Issues statement from UK regulator dismisses some of Xbox makers points about Call of Duty exclusivity

The UK's Competition and Markets Authority today released an issues statement laying out a number of concerns with the proposed Microsoft acquisition of Activision Blizzard and dismissing several of the Xbox maker's key arguments.

The first question it tackled was whether or not the acquisition would result in Xbox making Call of Duty exclusive ("foreclosing," by CMA terminology), something Microsoft has said it has no intention of doing, but is only committing to keep on PlayStation for several years.

"Financial modelling of the merger suggests that the merged entity's incentive to foreclose Sony may be considerably stronger than suggested by the parties," the CMA determined.

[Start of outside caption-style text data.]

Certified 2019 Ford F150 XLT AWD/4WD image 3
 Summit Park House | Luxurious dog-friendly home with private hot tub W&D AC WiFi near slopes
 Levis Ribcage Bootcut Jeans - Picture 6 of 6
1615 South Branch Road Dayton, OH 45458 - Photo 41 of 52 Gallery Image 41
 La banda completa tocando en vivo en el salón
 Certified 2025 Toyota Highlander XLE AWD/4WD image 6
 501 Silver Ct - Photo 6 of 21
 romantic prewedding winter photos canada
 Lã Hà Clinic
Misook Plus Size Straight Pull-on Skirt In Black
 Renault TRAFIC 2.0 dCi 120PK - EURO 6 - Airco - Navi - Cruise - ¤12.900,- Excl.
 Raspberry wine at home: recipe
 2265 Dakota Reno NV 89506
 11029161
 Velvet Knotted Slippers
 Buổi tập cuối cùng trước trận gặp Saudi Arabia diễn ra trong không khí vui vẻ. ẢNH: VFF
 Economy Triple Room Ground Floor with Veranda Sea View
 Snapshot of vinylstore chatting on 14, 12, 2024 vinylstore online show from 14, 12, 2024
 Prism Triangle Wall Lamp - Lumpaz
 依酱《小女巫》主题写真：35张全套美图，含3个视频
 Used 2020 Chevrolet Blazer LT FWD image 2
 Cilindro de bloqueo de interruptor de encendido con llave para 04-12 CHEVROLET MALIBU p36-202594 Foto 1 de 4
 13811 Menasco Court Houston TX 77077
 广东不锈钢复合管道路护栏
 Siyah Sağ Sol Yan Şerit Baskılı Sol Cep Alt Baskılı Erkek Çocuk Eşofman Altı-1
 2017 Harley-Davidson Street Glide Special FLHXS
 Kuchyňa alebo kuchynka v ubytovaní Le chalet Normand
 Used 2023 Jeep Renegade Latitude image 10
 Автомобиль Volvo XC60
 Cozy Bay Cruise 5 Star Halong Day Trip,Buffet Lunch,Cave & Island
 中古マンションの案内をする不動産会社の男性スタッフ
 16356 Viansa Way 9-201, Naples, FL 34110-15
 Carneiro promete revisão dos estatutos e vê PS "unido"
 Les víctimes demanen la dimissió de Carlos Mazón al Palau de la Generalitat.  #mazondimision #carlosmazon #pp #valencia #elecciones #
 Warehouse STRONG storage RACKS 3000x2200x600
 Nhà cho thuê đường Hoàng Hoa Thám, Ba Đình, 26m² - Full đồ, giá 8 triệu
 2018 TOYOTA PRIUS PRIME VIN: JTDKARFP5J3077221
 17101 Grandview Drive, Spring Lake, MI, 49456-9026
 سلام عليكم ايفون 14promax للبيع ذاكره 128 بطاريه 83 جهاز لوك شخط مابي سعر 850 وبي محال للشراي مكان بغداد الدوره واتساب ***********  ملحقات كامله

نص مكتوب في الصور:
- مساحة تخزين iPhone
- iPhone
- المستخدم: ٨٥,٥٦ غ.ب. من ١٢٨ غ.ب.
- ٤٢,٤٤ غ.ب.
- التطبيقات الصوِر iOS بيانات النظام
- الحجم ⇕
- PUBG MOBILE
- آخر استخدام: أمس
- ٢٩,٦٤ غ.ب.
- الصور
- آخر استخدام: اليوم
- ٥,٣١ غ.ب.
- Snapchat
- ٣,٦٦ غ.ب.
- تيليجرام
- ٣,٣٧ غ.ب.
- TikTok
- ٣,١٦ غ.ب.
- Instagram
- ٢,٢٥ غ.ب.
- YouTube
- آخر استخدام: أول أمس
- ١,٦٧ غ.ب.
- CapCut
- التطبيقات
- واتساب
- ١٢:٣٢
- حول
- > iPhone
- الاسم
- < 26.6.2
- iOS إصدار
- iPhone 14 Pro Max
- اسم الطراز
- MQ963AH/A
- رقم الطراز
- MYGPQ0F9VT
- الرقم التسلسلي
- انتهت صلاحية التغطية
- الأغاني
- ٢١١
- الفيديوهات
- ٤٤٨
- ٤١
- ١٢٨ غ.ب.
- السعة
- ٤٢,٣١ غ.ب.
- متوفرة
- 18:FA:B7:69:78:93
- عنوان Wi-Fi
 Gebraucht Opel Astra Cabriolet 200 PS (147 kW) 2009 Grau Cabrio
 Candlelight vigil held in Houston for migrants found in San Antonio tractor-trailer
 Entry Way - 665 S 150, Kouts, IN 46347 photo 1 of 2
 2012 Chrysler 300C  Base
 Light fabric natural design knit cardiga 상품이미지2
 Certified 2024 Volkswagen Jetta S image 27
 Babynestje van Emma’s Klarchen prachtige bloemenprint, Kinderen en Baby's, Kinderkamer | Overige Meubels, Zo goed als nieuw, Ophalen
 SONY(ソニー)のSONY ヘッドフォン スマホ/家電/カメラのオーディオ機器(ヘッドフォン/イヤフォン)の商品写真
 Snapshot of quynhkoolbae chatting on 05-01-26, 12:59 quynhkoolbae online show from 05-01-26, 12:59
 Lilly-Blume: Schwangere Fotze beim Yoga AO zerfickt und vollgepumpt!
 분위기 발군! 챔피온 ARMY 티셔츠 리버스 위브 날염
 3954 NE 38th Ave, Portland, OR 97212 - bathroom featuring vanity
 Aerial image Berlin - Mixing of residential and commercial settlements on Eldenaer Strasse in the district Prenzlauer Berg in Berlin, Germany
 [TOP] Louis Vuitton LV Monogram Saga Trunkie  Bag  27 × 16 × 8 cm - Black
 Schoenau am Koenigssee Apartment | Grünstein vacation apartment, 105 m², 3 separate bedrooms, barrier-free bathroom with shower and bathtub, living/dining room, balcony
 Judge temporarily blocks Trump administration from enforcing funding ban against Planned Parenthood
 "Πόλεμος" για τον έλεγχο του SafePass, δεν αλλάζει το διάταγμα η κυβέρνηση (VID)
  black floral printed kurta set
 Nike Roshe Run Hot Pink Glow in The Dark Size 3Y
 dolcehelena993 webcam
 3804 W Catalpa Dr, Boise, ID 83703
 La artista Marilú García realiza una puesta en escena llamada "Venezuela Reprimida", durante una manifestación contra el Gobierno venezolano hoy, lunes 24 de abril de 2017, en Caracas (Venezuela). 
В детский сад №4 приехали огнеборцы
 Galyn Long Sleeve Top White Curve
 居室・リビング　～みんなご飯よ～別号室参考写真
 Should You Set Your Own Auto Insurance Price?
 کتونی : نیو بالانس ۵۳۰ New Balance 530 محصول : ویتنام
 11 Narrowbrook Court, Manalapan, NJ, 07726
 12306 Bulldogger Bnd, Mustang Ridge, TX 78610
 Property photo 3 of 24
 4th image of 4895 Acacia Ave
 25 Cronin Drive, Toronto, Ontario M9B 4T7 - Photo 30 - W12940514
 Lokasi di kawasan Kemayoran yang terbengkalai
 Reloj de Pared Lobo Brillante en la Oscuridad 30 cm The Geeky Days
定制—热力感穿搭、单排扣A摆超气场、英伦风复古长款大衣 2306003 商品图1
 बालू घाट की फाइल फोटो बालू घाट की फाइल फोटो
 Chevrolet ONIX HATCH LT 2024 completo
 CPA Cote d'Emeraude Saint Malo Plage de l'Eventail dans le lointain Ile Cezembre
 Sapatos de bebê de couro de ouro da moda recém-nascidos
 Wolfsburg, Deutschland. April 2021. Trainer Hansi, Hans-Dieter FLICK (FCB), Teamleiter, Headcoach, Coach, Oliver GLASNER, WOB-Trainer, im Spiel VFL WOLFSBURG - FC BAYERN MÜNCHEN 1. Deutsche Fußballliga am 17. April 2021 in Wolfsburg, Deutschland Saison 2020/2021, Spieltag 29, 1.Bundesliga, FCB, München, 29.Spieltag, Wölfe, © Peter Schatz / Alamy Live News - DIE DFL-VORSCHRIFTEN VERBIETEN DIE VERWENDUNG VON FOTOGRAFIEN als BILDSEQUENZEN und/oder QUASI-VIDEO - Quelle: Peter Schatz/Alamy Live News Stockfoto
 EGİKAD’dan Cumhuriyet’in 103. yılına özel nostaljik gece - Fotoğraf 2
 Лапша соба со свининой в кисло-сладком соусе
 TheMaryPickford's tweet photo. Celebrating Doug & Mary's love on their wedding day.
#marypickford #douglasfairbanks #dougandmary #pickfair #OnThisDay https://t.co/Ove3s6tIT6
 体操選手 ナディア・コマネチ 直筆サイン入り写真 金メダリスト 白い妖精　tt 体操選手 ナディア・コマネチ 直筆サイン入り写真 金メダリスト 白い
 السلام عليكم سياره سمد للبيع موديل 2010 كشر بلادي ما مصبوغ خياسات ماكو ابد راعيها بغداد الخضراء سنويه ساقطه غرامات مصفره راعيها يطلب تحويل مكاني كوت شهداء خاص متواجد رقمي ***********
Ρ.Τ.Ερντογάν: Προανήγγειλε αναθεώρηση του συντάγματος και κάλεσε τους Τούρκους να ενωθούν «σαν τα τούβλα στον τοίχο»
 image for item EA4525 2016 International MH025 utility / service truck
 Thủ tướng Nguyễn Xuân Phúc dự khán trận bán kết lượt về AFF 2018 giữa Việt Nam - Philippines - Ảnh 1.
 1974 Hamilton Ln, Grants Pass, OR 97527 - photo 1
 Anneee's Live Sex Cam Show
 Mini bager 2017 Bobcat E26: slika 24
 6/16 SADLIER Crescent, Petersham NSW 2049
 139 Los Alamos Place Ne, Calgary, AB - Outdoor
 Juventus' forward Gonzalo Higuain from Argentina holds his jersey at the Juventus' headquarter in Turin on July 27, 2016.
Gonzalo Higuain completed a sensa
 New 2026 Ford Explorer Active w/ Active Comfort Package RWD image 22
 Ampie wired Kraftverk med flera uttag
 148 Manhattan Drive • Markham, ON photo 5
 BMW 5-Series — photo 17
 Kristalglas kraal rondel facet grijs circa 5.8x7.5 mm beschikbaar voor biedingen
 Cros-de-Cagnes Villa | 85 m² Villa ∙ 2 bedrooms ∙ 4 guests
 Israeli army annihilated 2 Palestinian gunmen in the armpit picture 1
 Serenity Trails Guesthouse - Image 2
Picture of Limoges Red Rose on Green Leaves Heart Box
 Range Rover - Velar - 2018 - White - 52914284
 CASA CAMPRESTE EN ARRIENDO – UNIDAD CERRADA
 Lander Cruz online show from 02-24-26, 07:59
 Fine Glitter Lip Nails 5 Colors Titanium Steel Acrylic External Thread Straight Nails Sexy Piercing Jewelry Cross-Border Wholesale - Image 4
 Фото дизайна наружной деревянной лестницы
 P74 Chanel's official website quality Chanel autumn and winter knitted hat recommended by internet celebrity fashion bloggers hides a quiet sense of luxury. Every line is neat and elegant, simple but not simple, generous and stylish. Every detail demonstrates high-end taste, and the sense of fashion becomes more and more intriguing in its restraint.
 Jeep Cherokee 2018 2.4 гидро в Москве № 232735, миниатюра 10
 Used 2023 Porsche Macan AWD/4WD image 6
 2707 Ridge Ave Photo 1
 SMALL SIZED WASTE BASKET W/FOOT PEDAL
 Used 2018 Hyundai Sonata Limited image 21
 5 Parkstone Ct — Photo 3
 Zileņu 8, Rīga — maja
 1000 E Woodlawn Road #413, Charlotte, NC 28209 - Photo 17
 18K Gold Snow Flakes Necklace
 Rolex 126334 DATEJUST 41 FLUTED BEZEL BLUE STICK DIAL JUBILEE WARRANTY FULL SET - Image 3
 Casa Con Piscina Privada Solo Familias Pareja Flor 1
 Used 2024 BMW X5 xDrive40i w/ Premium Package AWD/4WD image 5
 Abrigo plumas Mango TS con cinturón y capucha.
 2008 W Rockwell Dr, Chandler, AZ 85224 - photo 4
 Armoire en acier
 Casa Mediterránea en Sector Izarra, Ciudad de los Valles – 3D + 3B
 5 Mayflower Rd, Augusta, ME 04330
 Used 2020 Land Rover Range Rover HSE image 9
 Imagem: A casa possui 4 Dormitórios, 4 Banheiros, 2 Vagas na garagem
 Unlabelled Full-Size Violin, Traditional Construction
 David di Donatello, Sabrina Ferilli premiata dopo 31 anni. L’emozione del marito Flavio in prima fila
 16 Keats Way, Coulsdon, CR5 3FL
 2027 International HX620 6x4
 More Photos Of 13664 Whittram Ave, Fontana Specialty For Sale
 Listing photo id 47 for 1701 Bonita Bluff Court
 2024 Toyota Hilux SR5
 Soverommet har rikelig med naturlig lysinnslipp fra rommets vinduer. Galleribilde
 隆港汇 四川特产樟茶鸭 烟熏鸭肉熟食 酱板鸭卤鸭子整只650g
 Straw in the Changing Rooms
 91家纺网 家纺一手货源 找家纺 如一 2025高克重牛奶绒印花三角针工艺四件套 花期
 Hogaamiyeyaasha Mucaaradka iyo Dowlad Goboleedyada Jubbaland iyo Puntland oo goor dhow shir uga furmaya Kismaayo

"Microsoft's past business practices suggest that it may be willing to make losses in the short term in order to build scale and increase its user base," it continued, noting that Microsoft has previously acquired multiplatform publishers and made their games exclusive.

It also dismissed arguments that Microsoft would keep Call of Duty multiplatform simply to avoid publicly backlash, saying it "did not identify any persuasive evidence that Microsoft would be deterred from engaging in total or partial foreclosure strategies by the prospect of reputational damage to Xbox or [Call of Duty]."

Given how an exclusive Call of Duty could shape consumer decisions around which console to buy, the CMA determined that it would impact Sony' ability to compete with Microsoft, which "would have a detrimental impact on overall competition in the market and ultimately harm consumers."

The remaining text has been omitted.